Malgré cette riche histoire footballistique, Baiseitov donne parfois l’impression que pour lui, le coaching est un passe-temps. Alors que certains sont prêts à tout pour saisir une chance, même dans les divisions inférieures, Bakhtiyar Daniyarovich s’octroie de longues vacances. Ainsi, après l’échec du championnat 1993, lorsque le Kairat s’est classé seulement à la onzième place, Baiseitov s’est éloigné du coaching pendant 10 ans. Avant donc de revenir à l’été 2003 dans sa ville natale pour prendre les rênes de ce qui est devenu l’Ordabasy Shymkent (né de la fusion entre l’ex Metallurg et un autre club de la ville fondé à l’indépendance). Cette fois-ci, sans gloire. Comme avec Kairat et Atyrau qu’il a ensuite entraîné avant de disparaître une nouvelle fois dans la nature pendant 8 ans. Avant un énième come-back pour découvrir l’Europa League avec son Shymkent où il est toujours autant populaire : « Ici, les chauffeurs de taxi me transportent gratuitement. »

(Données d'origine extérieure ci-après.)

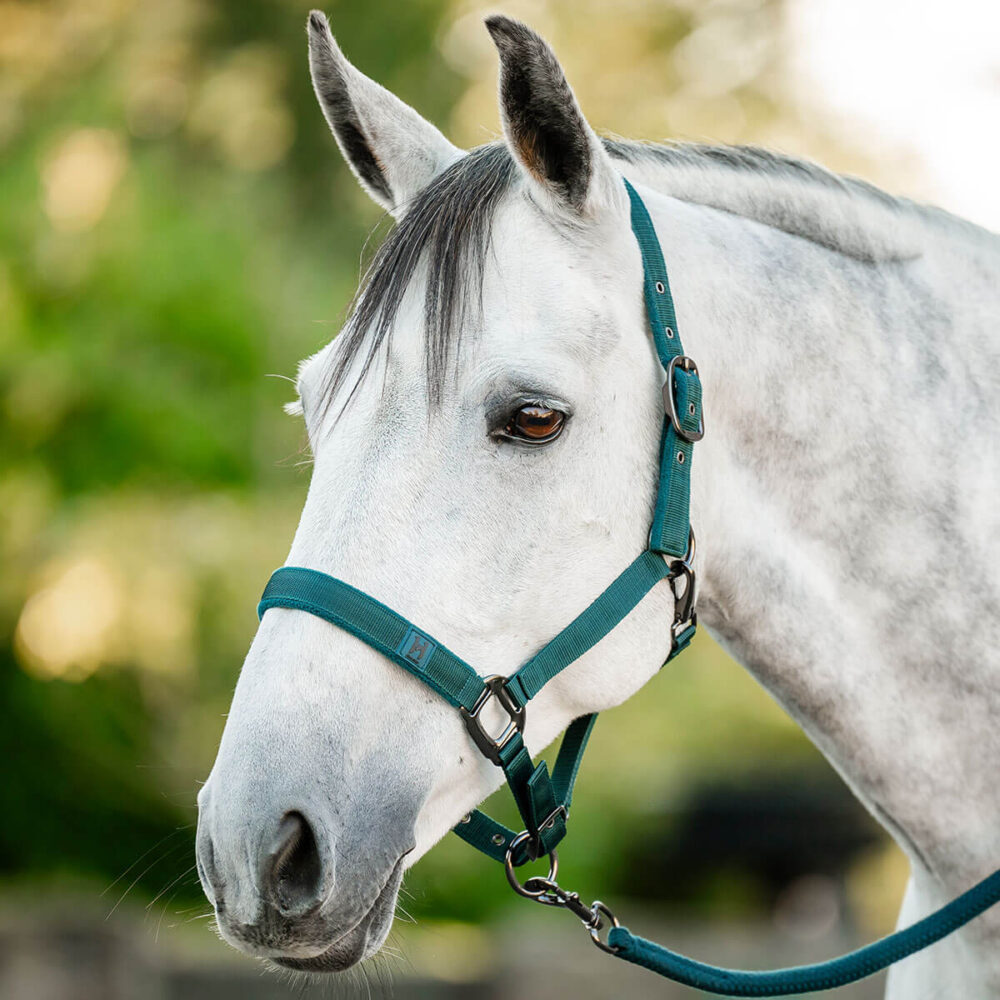 HORSEWARE Newmarket Καπίστρι + Οδηγός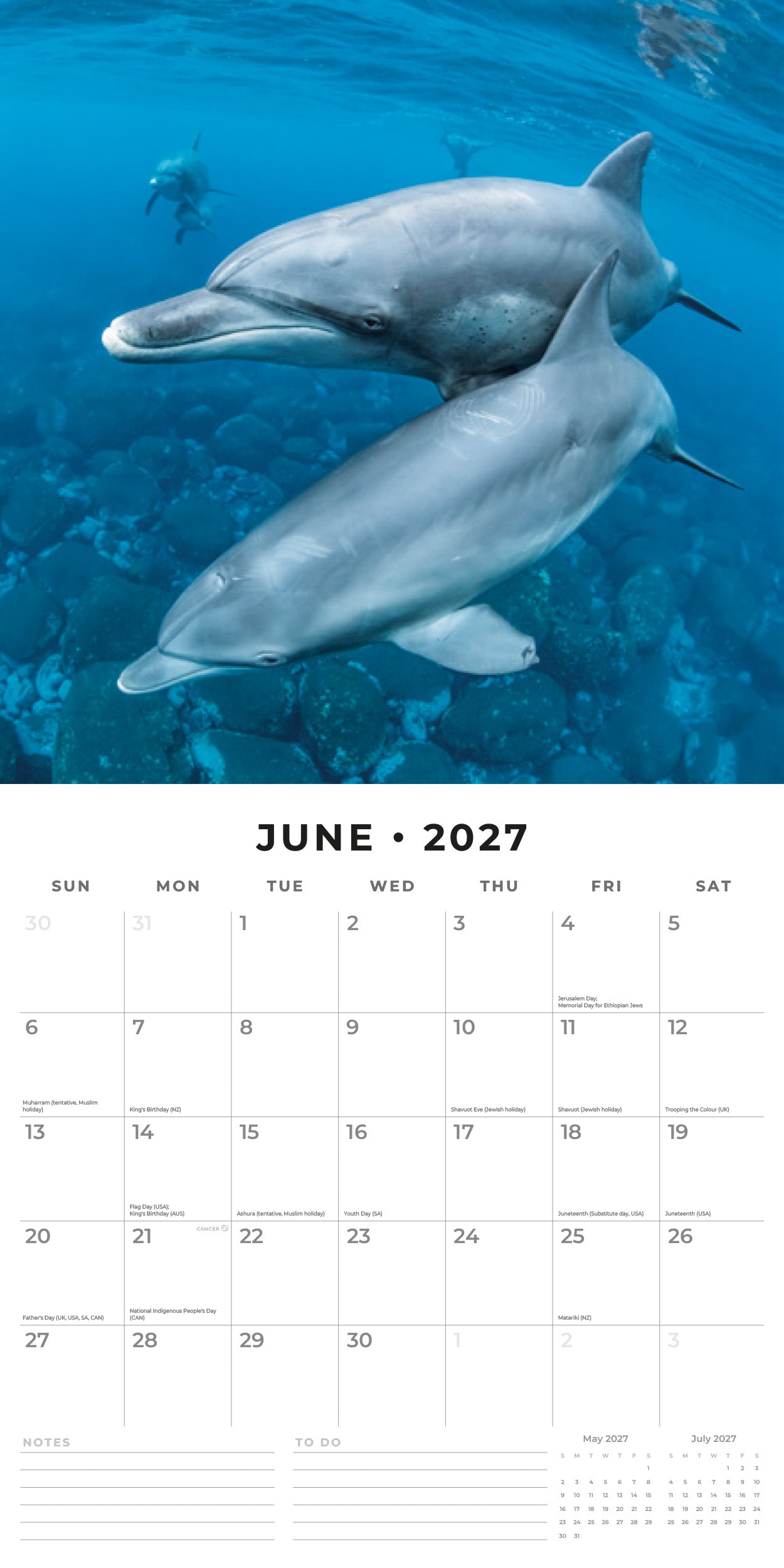 Red Robin 2027 Dolphins Monthly Wall Calendar | 12" x 12"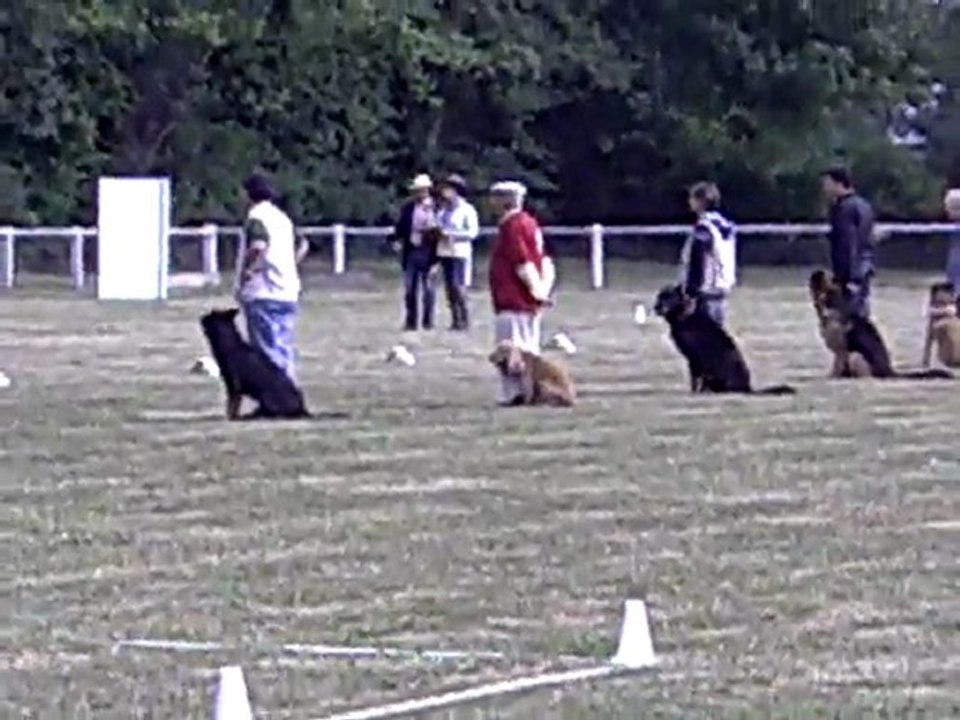 DIXIE des Côteaux du Lys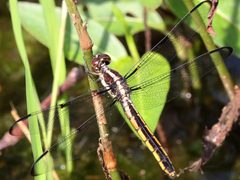Libellula incesta-female dorsal by peterwchen. Used under a CC BY 4.0 license.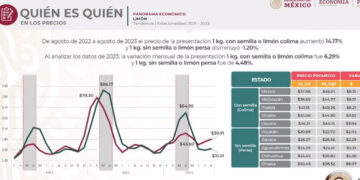 Profeco señala a medios de “escandalizar” con precio del limón; hay una baja, asegura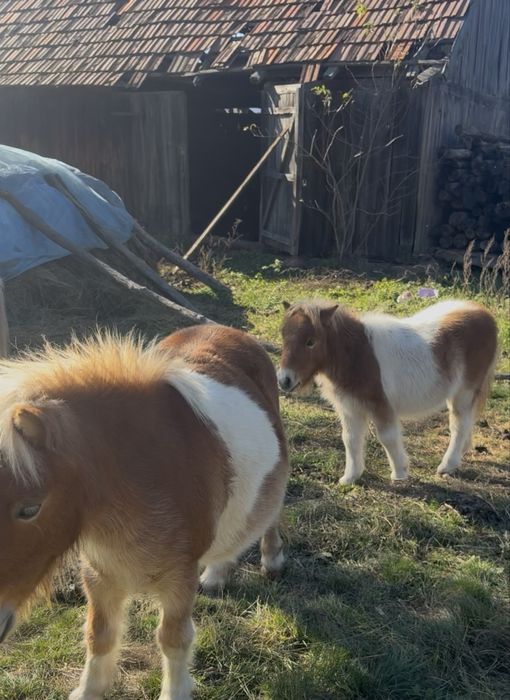 Pui de ponei de vanzare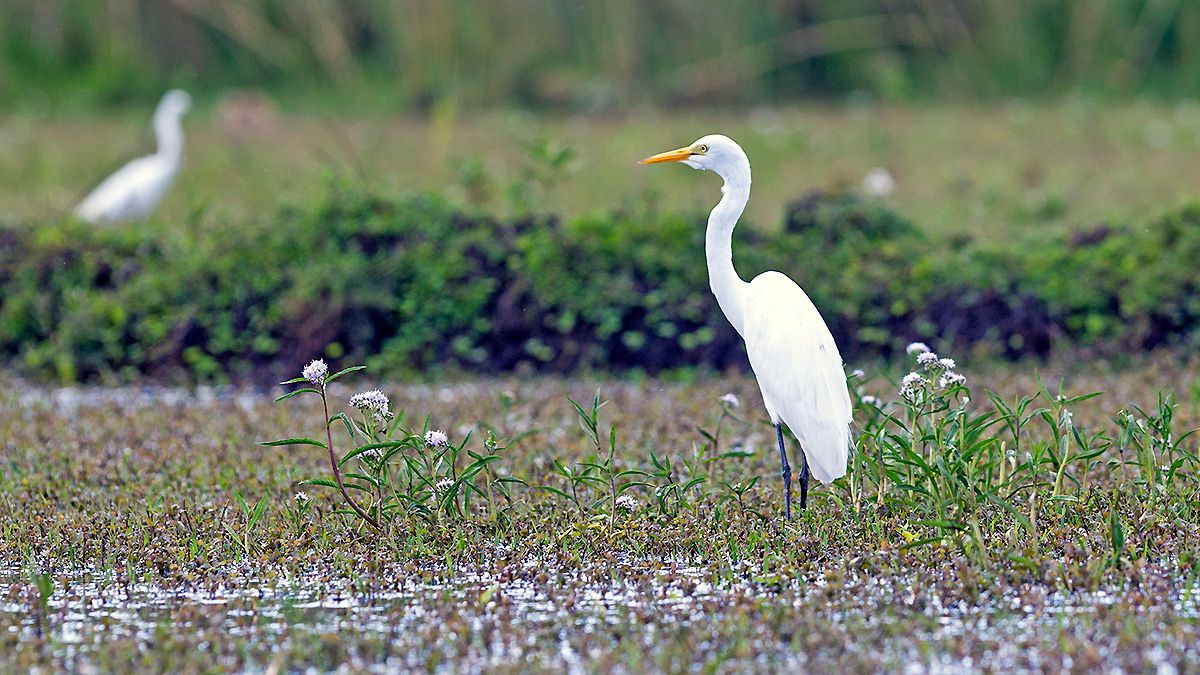 Great Egret [Ardea alba melanorhynchos]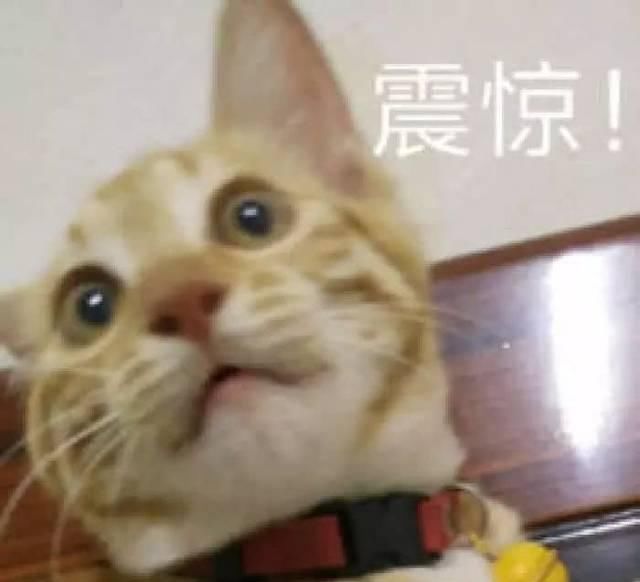  身陷|他智商140，31岁成北大教授，如今身陷出轨疑云跌“神坛”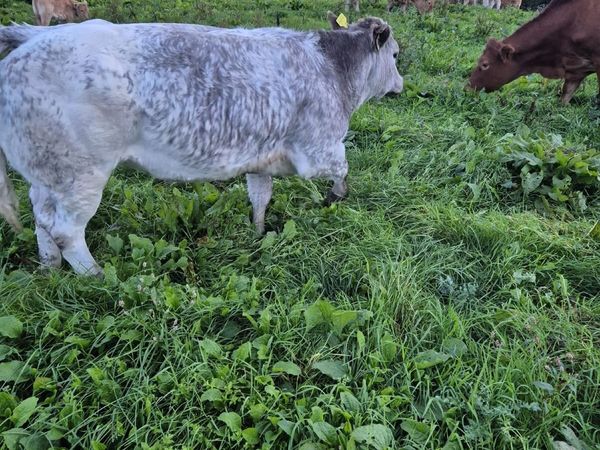 Heifer - Main image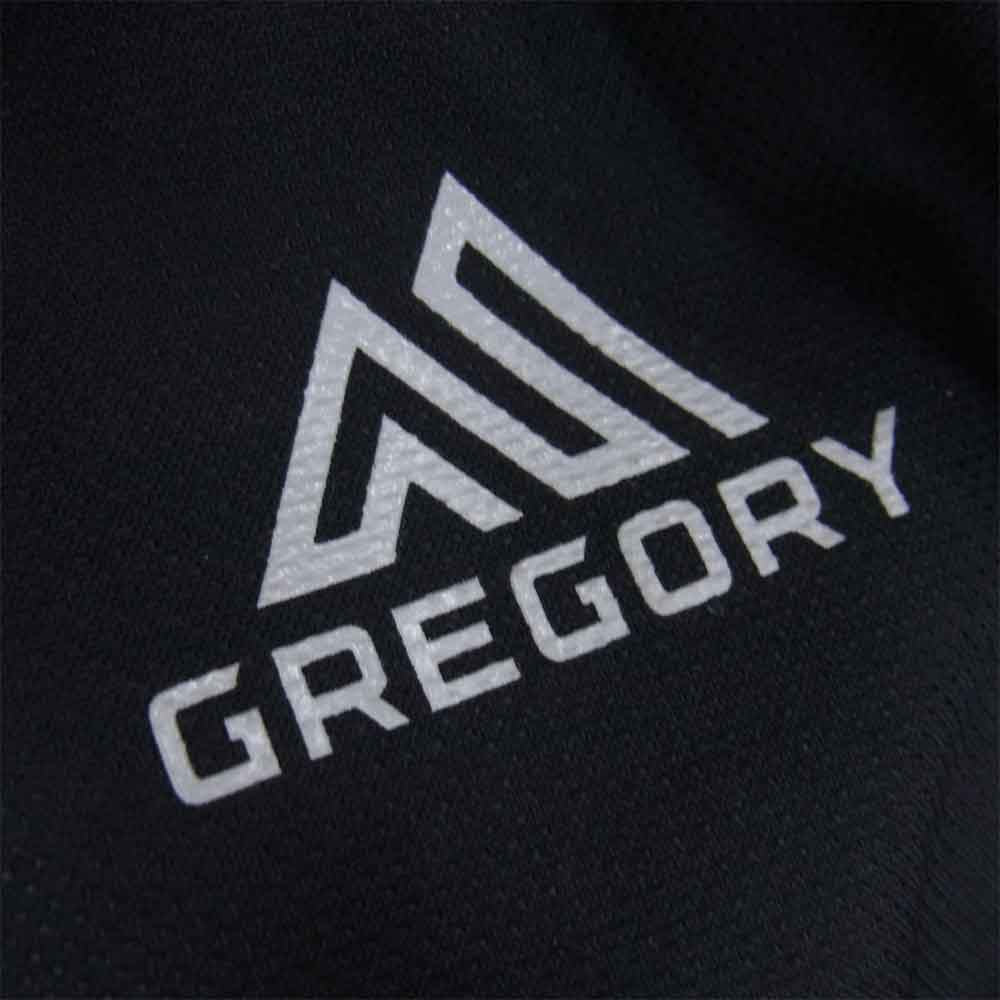 GREGORY グレゴリー バックパック ブラック系【中古】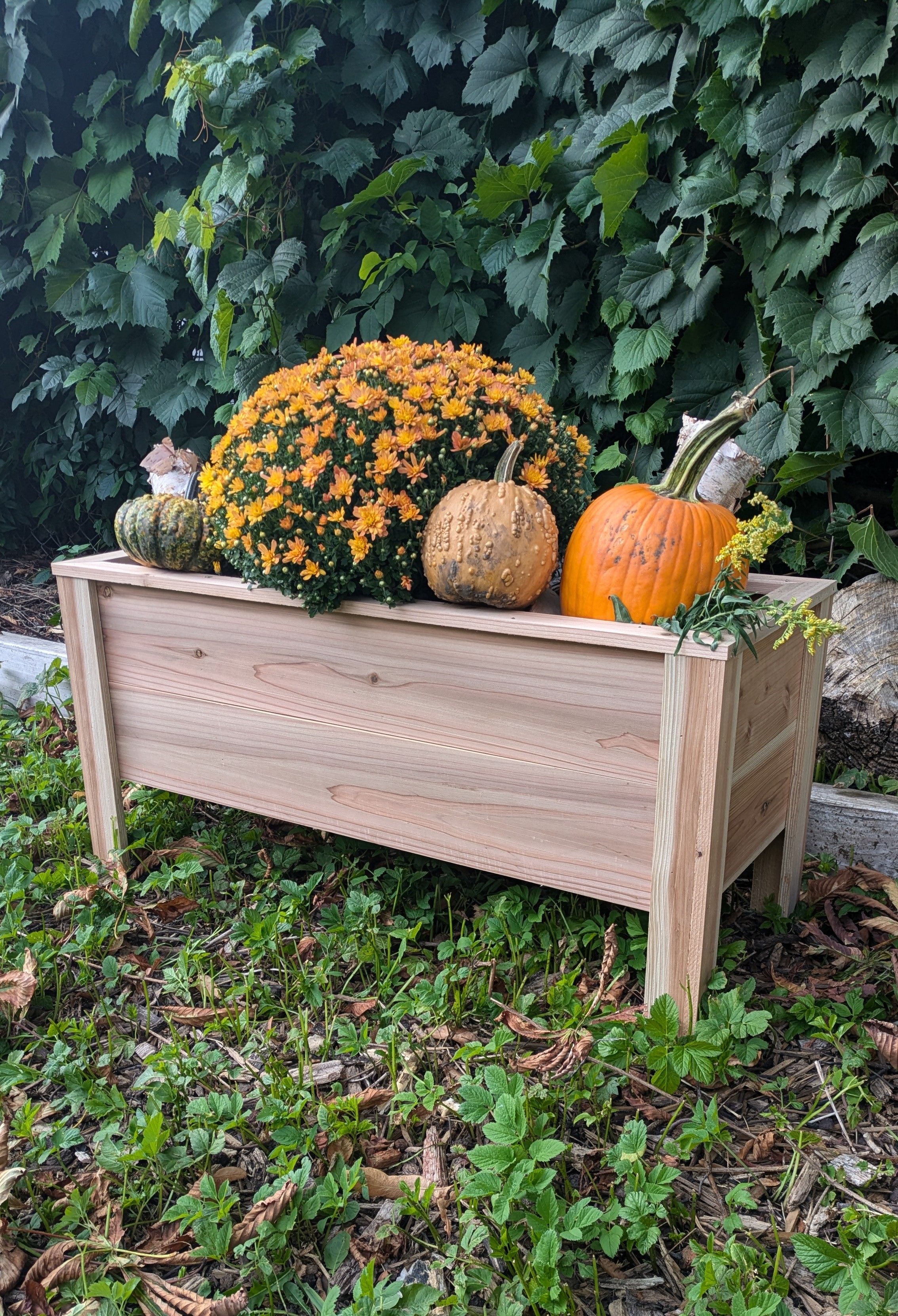 Planter C with a fall display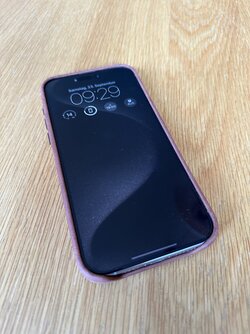IMG_6687.jpeg
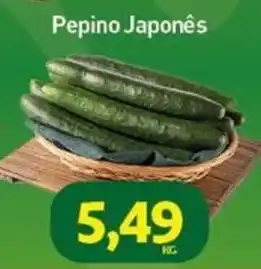 Rede Bom Lugar Pepino Japonês oferta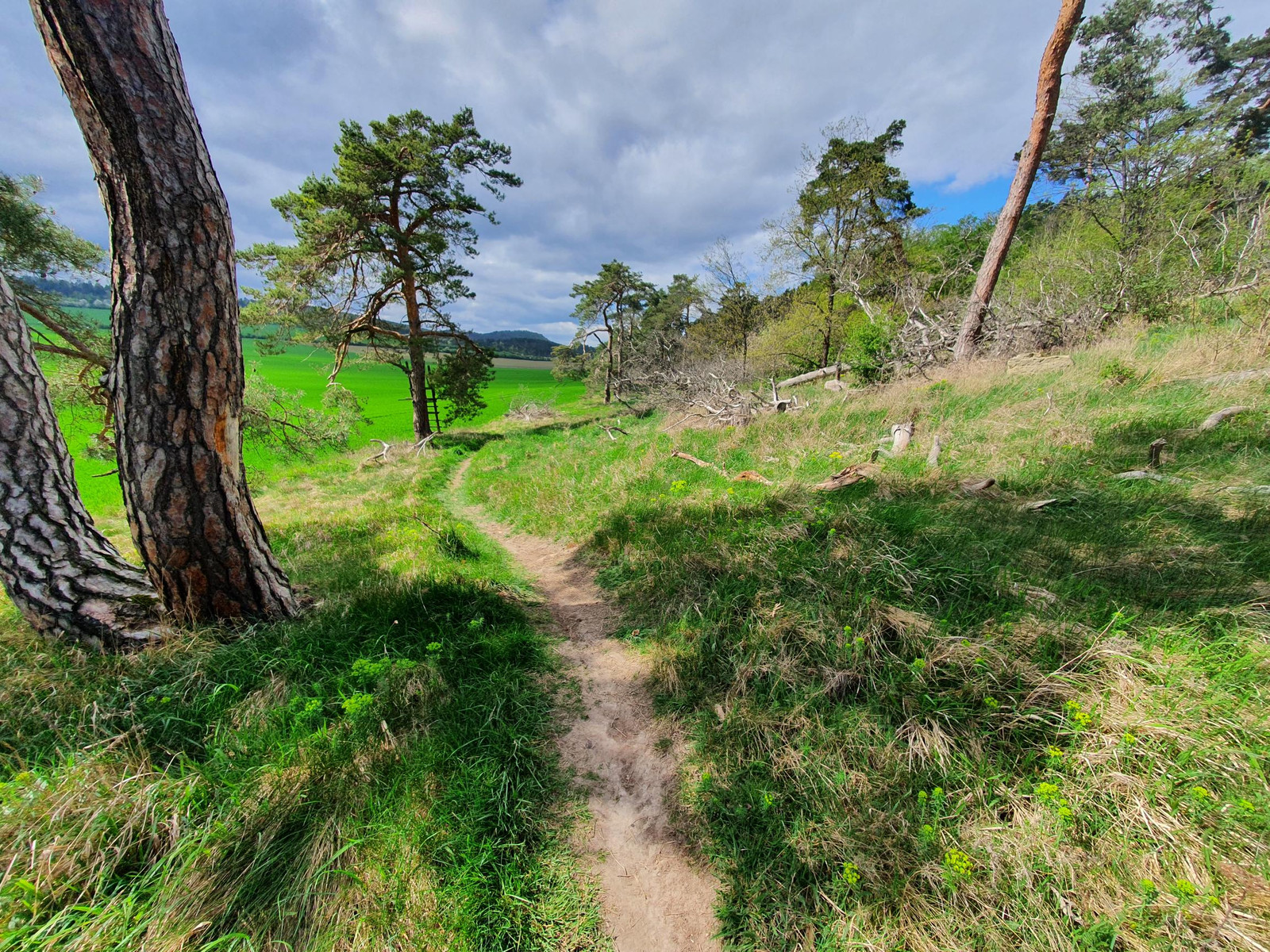 Halberstadt - Harsleber Berge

Une dernière pour la gloire ?

Arrivé pour la pré-saison 2016, Baiseitov n’a pas caché ses ambitions : « Je suis très heureux d’être de retour à Shymkent, ma ville natale. L’objectif principal est de faire franchir un cap à l’équipe. Le travail effectué l’année dernière a été fructueux, et devrait nous permettre de jouer efficacement la coupe d’Europe cette année. » En effet, même s’il est déjà une légende dans sa ville, il peut marquer l’histoire du club à jamais à travers une belle campagne européenne. Car contrairement à Kairat et Astana ou même brièvement Karaganda, Ordabasy ne s’est jamais fait un nom en coupe d’Europe. La saison dernière, pour la deuxième campagne de son histoire, l’ex Metallurg s’est fait sortir dès le premier tour par le Beitar Jerusalem. Justement, par rapport à l’année dernière, Ordabasy ne va pas si bien. En 17 matchs de championnat, l’équipe a remporté 7 victoires pour 6 nuls et 4 défaites. Sans compter que son capitaine Azat Nurgalyev est parti en direction d’Astana il y a une semaine.

De l’autre côté, le FK Cukaricki est un adversaire coriace. Nous en parlions sur Footballski, il devenu le premier club de football serbe privatisé et se maintient au haut niveau depuis maintenant trois saisons. La privatisation a considérablement amélioré la situation financière et organisationnelle du club, des investissements ont été réalisés dans les infrastructures et les joueurs. Son capitaine Igor Matic, une ancienne connaissance du football kazakh (il a joué 11 matchs à Megaspor Almaty), mènera une équipe toutefois amputée de ses meilleurs éléments au mercato.

Ordabasy sera favori pour le match mais les supporters doutent du niveau de l’équipe et du management vieille école de Baiseitov, dont le dernier fait de gloire remonte à 1992. Celui-ci essayera de se rappeler du bon souvenir de ses jeunes années, du Metallurg à l’équipe nationale en passant par Meliorator. Et promis, cette fois-ci, il ne se fera pas entrer en jeu.